Immediately below the position of the heat exchanger 37 the sleeve 36 is formed with a plurality of apertures 48, the apertures 48 being spaced around the circumference of the sleeve. Part way along the length of the sleeve 36 the sleeve is formed with a second set of apertures 49, the apertures 49 also being spaced around the circumference of the sleeve. Beneath the channel 43 the cylinder block 31 is formed with an air inlet passage 51.
The engine illustrated in FIG. 8 is intended to operate without any form of spark plug or similar ignition device once the engine has reached its operating temperature. Such an ignition device will be provided to assist the engine in starting from cold, and the operation of the engine will now be described assuming that the engine is already at operating temperature. Thus the heat exchanger 37 will have been heated by a previous operating cycle of the engine, and the inner face 37a of the exchanger will be defined as the hot face of the exchanger while the face 37b presented to the cylinder head 33 will be defined as the cold face of the exchanger.

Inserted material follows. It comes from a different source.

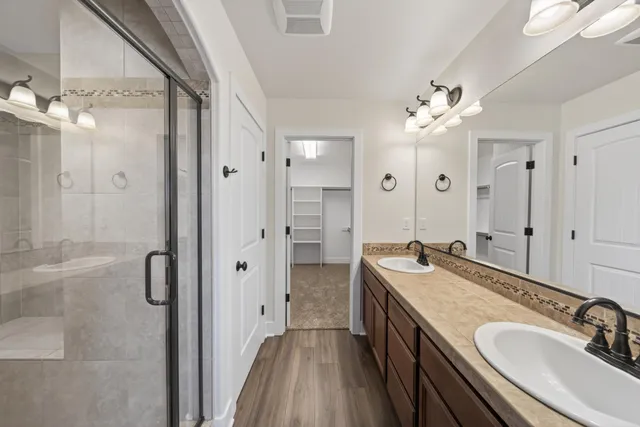 a bathroom with a granite countertop sink a large mirror and a shower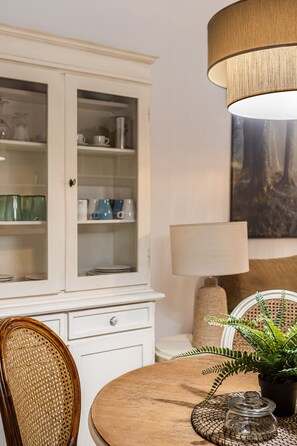 A dining area with a round wooden table, a wicker chair, a cabinet with glass doors, and a hanging lamp.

As mentioned previously the crank 44 driving the sleeve 36 is itself driven from the crank shaft of the engine at the same speed of rotation as the crank shaft. The coupling between the crank 44 and the crank shaft is such that the movement of the sleeve 36, and thus the heat exchanger 37, is out of phase with respect to the movement of the piston 38, the phase of movement of the sleeve 36 trailing the phase of movement of the piston 38 by 40°. In addition, the throw of the crank 44 is such that the axial stroke of the sleeve 36 is half of that of the piston 38.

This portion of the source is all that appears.